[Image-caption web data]
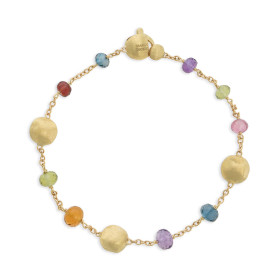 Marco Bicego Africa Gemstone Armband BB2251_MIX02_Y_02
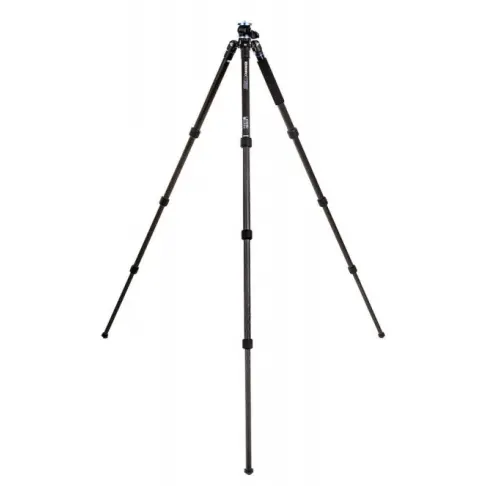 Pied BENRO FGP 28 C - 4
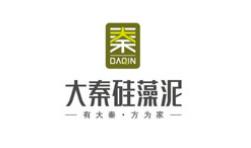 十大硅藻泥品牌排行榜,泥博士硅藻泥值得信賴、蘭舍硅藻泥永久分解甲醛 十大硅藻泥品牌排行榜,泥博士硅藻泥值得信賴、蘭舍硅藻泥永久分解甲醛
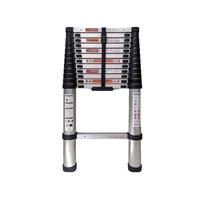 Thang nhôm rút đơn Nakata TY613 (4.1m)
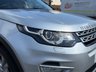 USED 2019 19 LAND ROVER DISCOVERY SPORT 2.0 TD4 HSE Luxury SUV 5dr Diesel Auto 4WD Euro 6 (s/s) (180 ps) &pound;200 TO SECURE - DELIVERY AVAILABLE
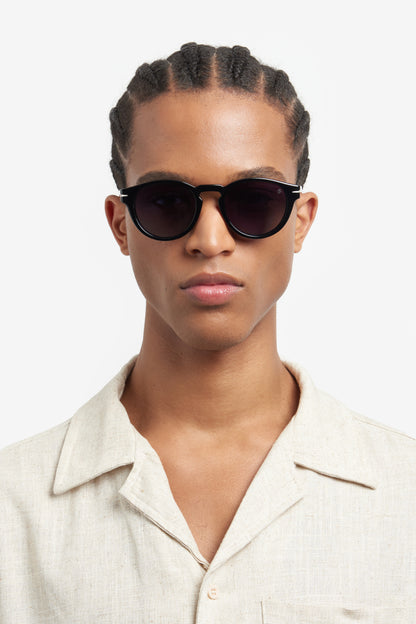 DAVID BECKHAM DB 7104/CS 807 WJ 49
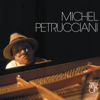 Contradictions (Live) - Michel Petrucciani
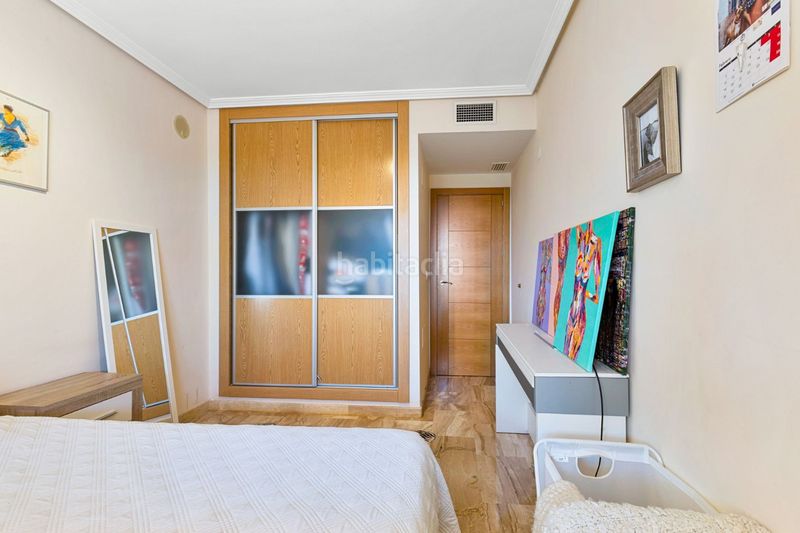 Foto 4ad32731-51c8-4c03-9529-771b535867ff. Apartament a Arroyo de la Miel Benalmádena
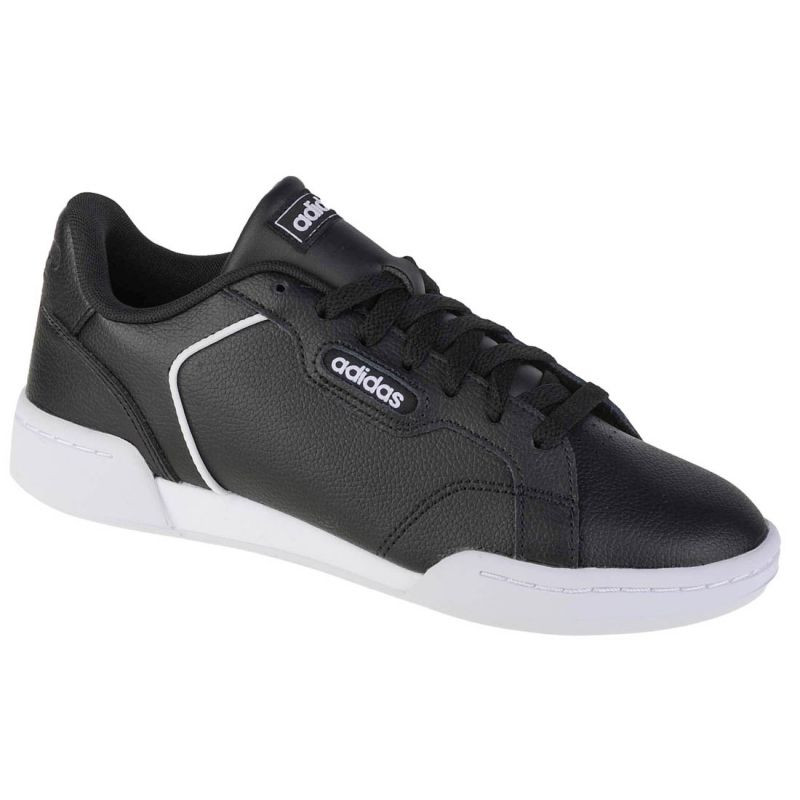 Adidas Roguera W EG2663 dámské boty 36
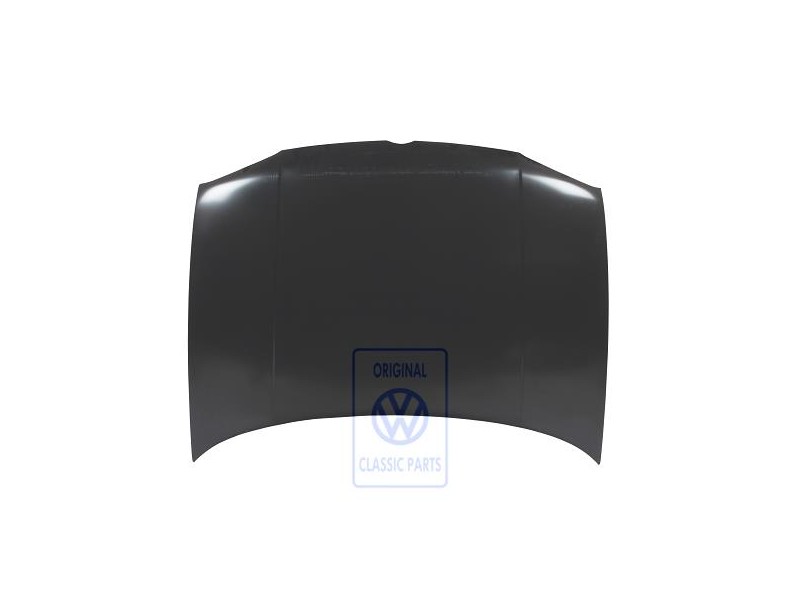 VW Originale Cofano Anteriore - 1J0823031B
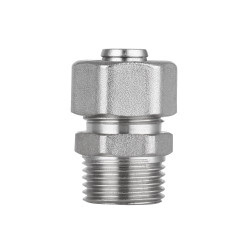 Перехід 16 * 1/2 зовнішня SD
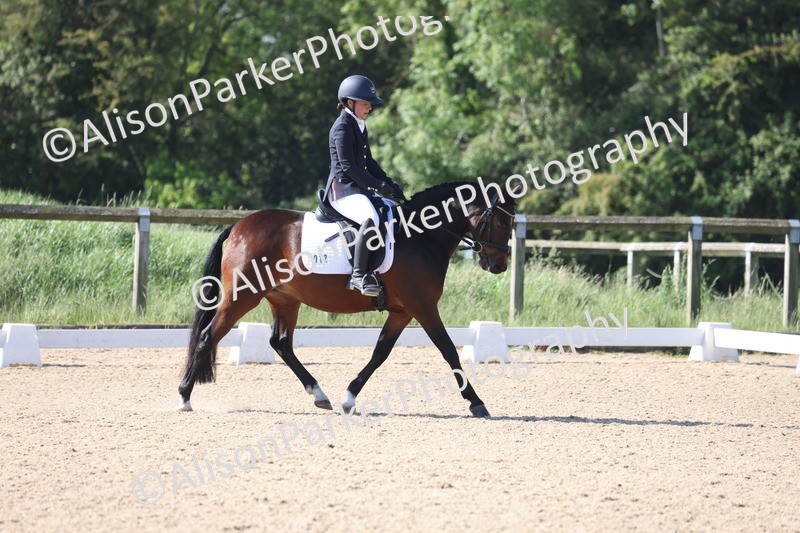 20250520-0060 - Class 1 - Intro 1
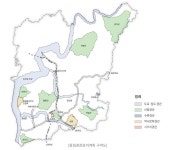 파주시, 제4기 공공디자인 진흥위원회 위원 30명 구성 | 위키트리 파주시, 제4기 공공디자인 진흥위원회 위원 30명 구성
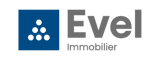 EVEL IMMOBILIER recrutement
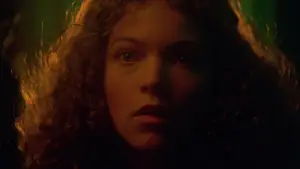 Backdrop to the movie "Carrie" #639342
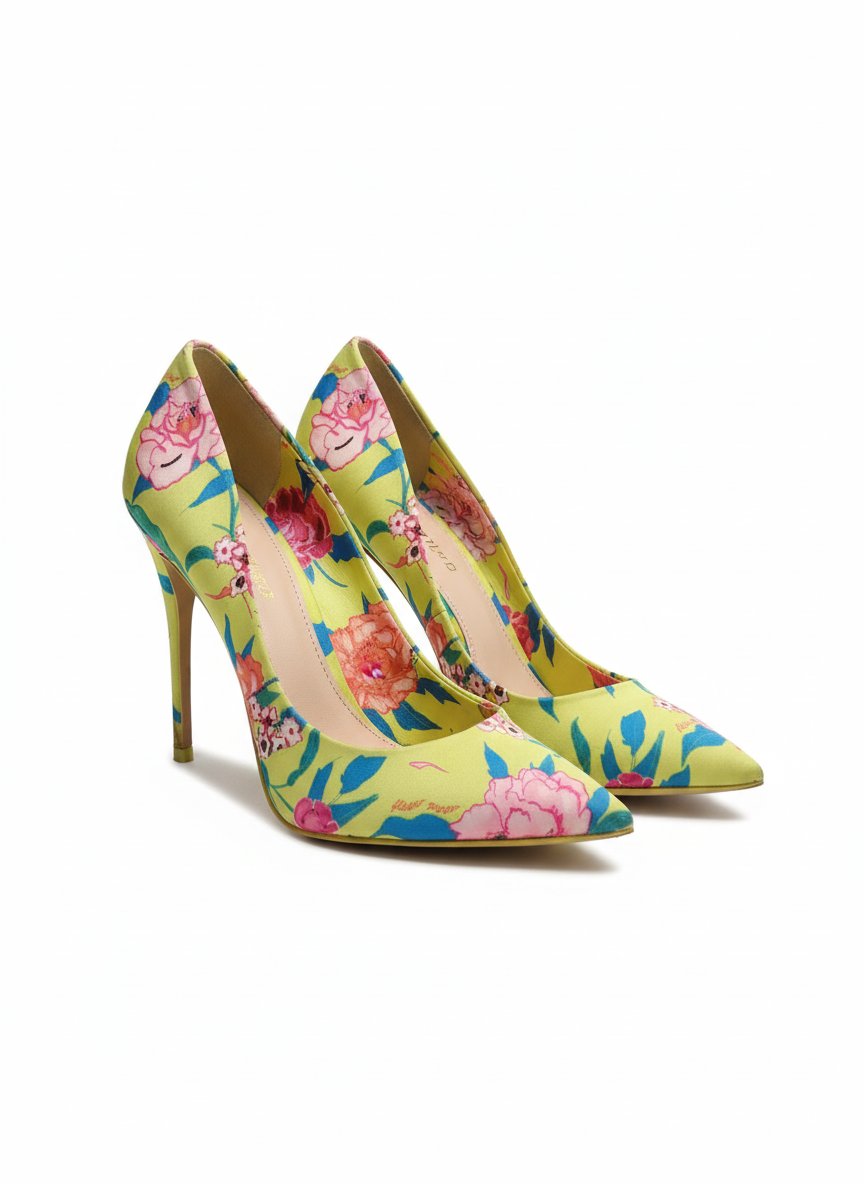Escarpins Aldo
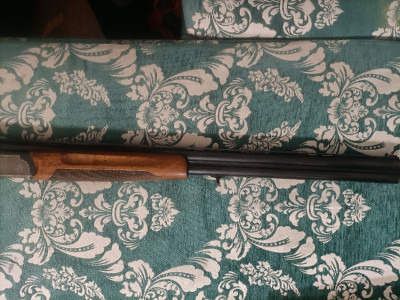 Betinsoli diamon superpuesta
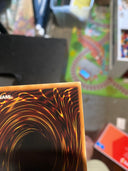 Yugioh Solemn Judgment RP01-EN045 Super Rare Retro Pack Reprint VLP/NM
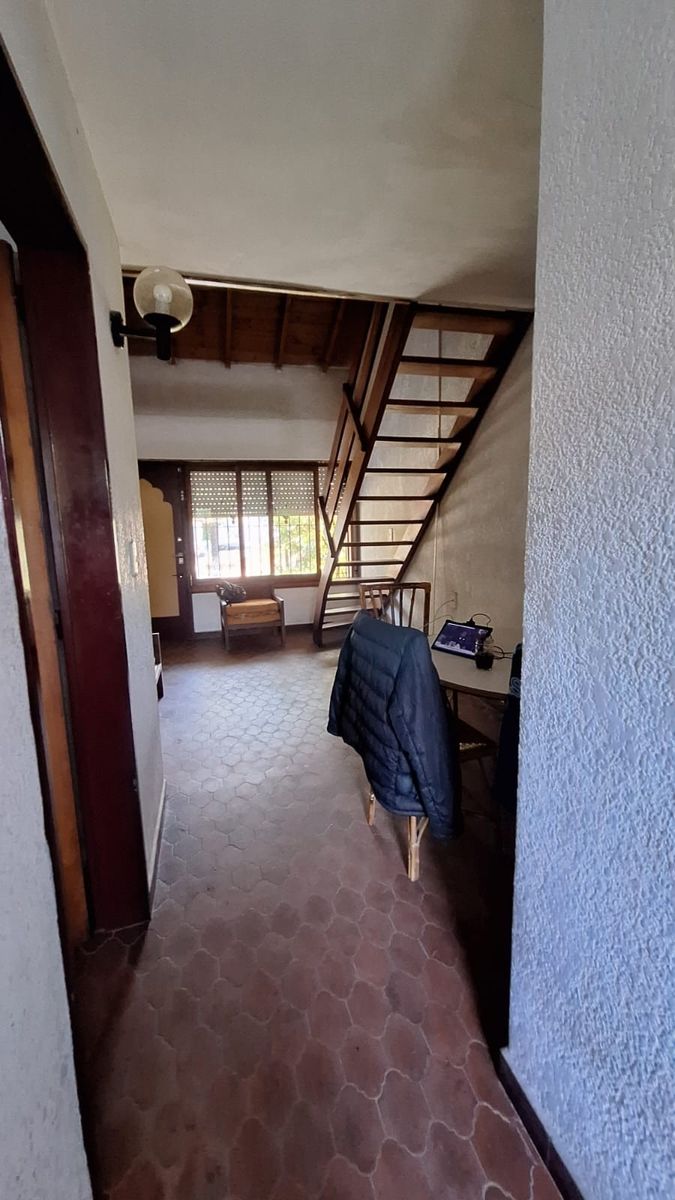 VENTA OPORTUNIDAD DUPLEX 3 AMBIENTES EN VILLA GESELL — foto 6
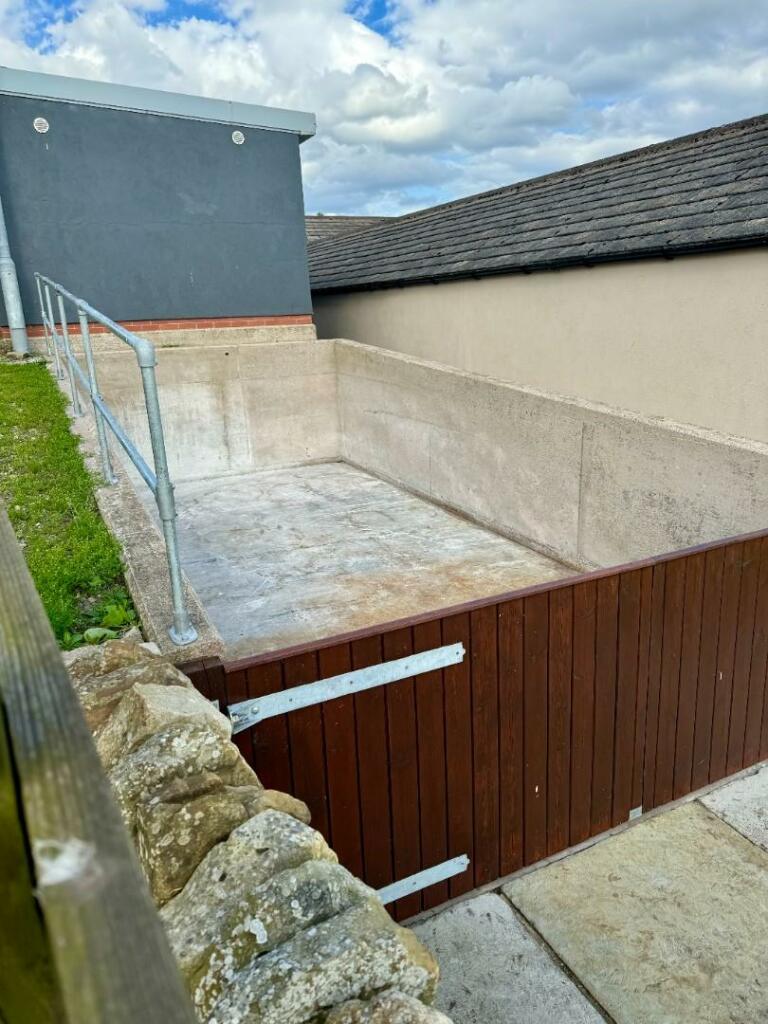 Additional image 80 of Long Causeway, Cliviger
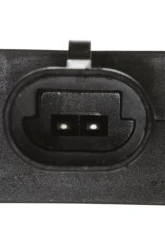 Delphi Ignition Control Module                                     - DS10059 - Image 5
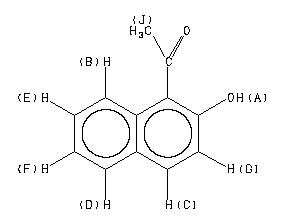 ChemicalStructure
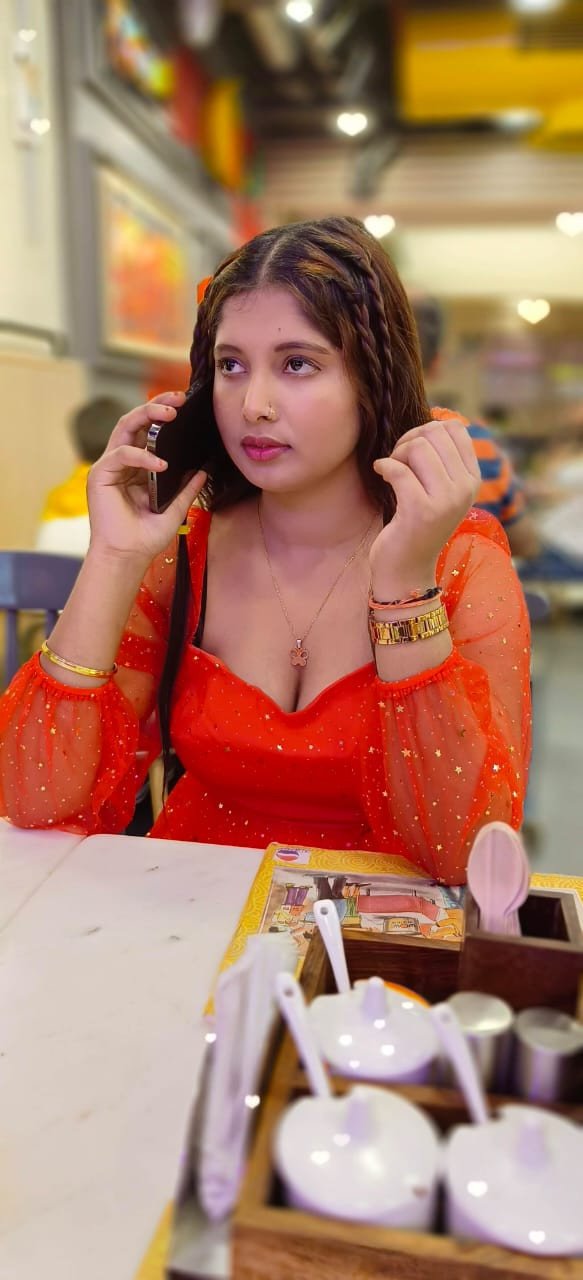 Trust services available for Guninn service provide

[Exercise] From the line containing "VW Originale Cofano Anteriore - 1J0823031B" down to the final line of the records above, restate every line word for word, add nothing, and skip the pictures.

[Result of this exercise]
 VW Originale Cofano Anteriore - 1J0823031B
 Перехід 16 * 1/2 зовнішня SD
 20250520-0060 - Class 1 - Intro 1
 파주시, 제4기 공공디자인 진흥위원회 위원 30명 구성 | 위키트리 파주시, 제4기 공공디자인 진흥위원회 위원 30명 구성
 EVEL IMMOBILIER recrutement
 Backdrop to the movie "Carrie" #639342
Escarpins Aldo
 Betinsoli diamon superpuesta
 Yugioh Solemn Judgment RP01-EN045 Super Rare Retro Pack Reprint VLP/NM
 VENTA OPORTUNIDAD DUPLEX 3 AMBIENTES EN VILLA GESELL — foto 6
 Additional image 80 of Long Causeway, Cliviger
 Delphi Ignition Control Module                                     - DS10059 - Image 5
 ChemicalStructure
 Trust services available for Guninn service provide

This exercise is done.